A cylinder of high pressure (2000-4500 psi)
compressed air supplies air to a regulator that reduces the pressure for
delivery to the face piece. This regulator also serves as a flow regulator by
passing air to the face piece on demand. The regulator is either mounted
directly to the face piece or a flexible corrugated hose connects the regulator
to the respiratory inlet covering, usually a full-face piece.

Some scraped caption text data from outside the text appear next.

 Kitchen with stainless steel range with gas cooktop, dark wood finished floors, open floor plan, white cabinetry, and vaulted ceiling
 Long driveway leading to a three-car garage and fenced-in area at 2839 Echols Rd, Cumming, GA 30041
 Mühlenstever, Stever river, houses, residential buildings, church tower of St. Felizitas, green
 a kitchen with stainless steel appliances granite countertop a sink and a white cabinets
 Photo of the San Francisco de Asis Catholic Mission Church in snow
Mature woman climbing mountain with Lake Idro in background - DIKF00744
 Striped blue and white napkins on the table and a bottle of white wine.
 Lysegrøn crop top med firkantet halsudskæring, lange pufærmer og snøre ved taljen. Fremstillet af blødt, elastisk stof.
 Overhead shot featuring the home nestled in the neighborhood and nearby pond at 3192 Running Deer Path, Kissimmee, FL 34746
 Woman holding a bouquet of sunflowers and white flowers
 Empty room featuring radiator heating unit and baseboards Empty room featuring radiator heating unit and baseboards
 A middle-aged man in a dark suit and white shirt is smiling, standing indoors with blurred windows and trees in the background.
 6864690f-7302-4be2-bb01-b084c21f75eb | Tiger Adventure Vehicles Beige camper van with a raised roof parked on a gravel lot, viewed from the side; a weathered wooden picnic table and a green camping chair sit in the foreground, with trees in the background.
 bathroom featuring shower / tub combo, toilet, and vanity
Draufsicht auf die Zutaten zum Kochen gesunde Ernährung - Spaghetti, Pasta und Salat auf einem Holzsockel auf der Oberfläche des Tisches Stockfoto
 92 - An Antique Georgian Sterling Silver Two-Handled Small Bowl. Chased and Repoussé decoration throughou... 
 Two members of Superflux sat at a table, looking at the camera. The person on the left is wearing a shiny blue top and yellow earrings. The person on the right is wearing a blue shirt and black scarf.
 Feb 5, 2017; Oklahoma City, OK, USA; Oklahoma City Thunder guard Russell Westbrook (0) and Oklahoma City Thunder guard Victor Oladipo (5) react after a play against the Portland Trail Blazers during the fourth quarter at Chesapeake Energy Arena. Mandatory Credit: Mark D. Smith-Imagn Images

The regulator provides pressure to the face
piece at all times and then additional air based on wearer demand. Because of
the positive pressure any leakage should be outward; therefore a pressure-demand
SCBA provides good protection. The designed air flow rate is approximately 350
- 400 liters per minute.
Contrary to common belief, the pressure-demand
SCBA has the same service times as a demand version of the same device, if it
seals well on the wearer’s face. Any leakage increases air consumption and
decreases service time.
Some open-circuit SCBA can be switched from
demand to pressure-demand operation. The demand mode should be used only for
donning and adjusting the apparatus in order to conserve air and should be
switched to “pressure demand” for actual use.
Safety Features
Several required safety features are on all SCBA
units certified for entry which provide additional protection include:
1. Pressure gauges visible to
the wearer which indicates the quantity of gas of
remaining in the cylinder.
2. Remaining service life
indicators or warning devices that signal alarm when
only 20-25% of service
time or service volume remains.
3. Bypass valves, in case the
first and second stage reducer or regulator fails
and it is necessary to
conserve or provide respirable air.
4. Fittings on devices that
use compressed air which are incompatible with
other compressed fittings.
Escape Only SCBA Units
SCBAs are also certified by NIOSH for escape
from IDLH environment. These escape-only SCBA are generally of short duration,
3, 5, or 10 minutes, and are small in both size and weight. These compressed
air cylinders are usually hip or back-mounted with air valve in a readily
assessable position to have positive air pressure inside the respiratory inlet
covering which is usually a hood.
NOTE: At least a 15-minute supply of air is
required for entry into an IDLH environment for rescue of containment purposes.